Harry accuses Royal family of 'getting into bed with the devil'
The Duke of Sussex has accused his family of ‘getting into bed with the devil’ to rehabilitate their image.
In his first primetime television interview promoting his controversial memoir, Harry also criticised ‘family members’ for a ‘really horrible reaction’ on the day the Queen died, with leakings and briefings.
He also told ITV’s Tom Bradby that he loved his father Charles and brother the Prince of Wales, but said: ‘At the moment, I don’t recognise them, as much as they probably don’t recognise me.’
‘Nothing of what I’ve done in this book or otherwise has ever been any intention to harm them or hurt them,’ he added.
Harry’s book Spare, due out on Tuesday, has sparked a furore over his claims that William physically attacked him, and his admission he killed 25 Taliban members during the Afghanistan war.
Harry said he wanted reconciliation with his father and brother, and forgiveness was 100% a possibility, but grilled by Bradby on whether he had taken a ‘flamethrower’ to any bridges, the duke insisted: ‘Silence only allows the abuser to abuse.’
‘They’ve shown absolutely no willingness to reconcile up until this point. And I’m not sure how honesty is burning bridges,’ Harry added.
Harry lambasted the British press throughout the sit-down interview, and accused the royals of being ‘complicit’ in the conflict the media created.
‘The saddest part of that is certain members of my family and the people that work for them are complicit in that conflict,’ he said.
Harry’s tell-all tales in his book include recounting how he took cocaine and magic mushrooms and lost his virginity to an older woman in a field behind a busy pub, and the stories have dominated the headlines for days.
With Brady bringing up the duke writing about losing his virginity at the age of 17, Harry said: ‘It’s four lines or something…if that’, and then quipped to the ITV News At Ten presenter: ‘We can talk about you losing your virginity, if you want?’
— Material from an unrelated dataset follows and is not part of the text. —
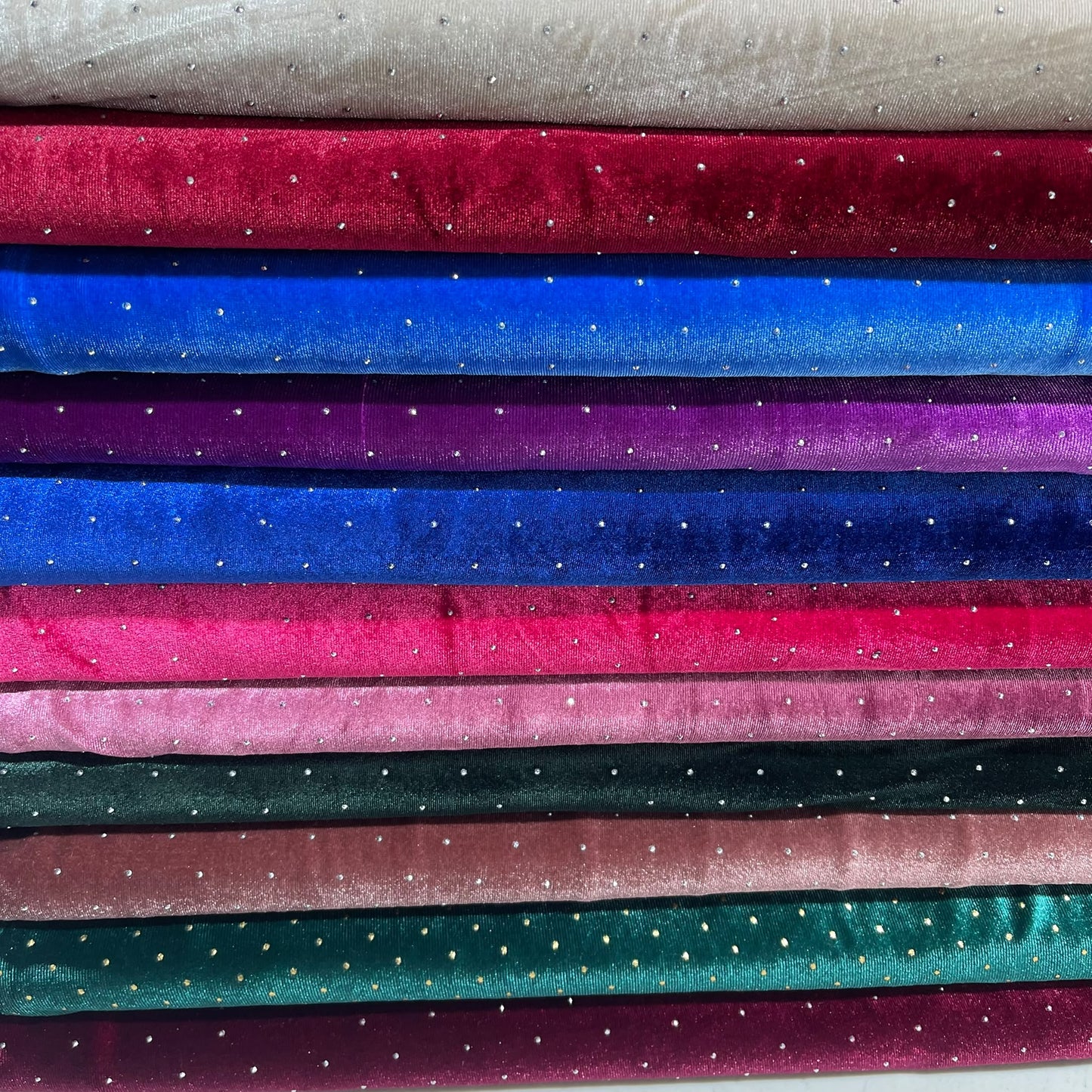 Luxurious Soft Stud Velour Velvet Fabric Stretch Dress Craft Material 58" Wide By The Meter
Harry also revealed how he felt ‘slightly isolated’ and different from his family in his younger years following the death of his mother, but shared joyful times with his great-grandmother the Queen Mother.
Speaking about Charles and William, Harry said: ‘I love my father. I love my brother. I love my family. I will always do.
‘Nothing of what I’ve done in this book or otherwise has ever been any intention to harm them or hurt them.
‘The truth is something that I need to rely on, and after many, many years of lies being told about me and my family, there comes a point where, you know, again, going back to the relationship between certain members of the family and the tabloid press, those certain members have decided to get in the bed with the devil, right, to rehabilitate their image.’
As Bradby outlined Harry’s criticisms of his father including that the duke’s interests are ‘sacrificed to his interests, certainly when it comes to the press’, the duke said he understood the need to have that relationship with the tabloid press but did not agree with it.
He said there had been ‘incredibly hurtful’ decisions, adding: ‘And they, and it continues. It hasn’t stopped. It’s continuing the whole, the whole way through.’
Harry said he wrote his book because ‘38 years of having my story told by so many different people, with intentional spin and distortion felt like a good time to own my story and be able to tell it for myself’.
He added: ‘You know, I don’t think that if I was still part of the institution that I would have been given this chance to.’
The interview, filmed in California, is the first of four broadcast appearances over the coming days, with Harry also speaking to Anderson Cooper for 60 Minutes on CBS News on Sunday night, Michael Strahan of Good Morning America on Monday and Stephen Colbert on the Late Show on CBS on Wednesday morning UK time.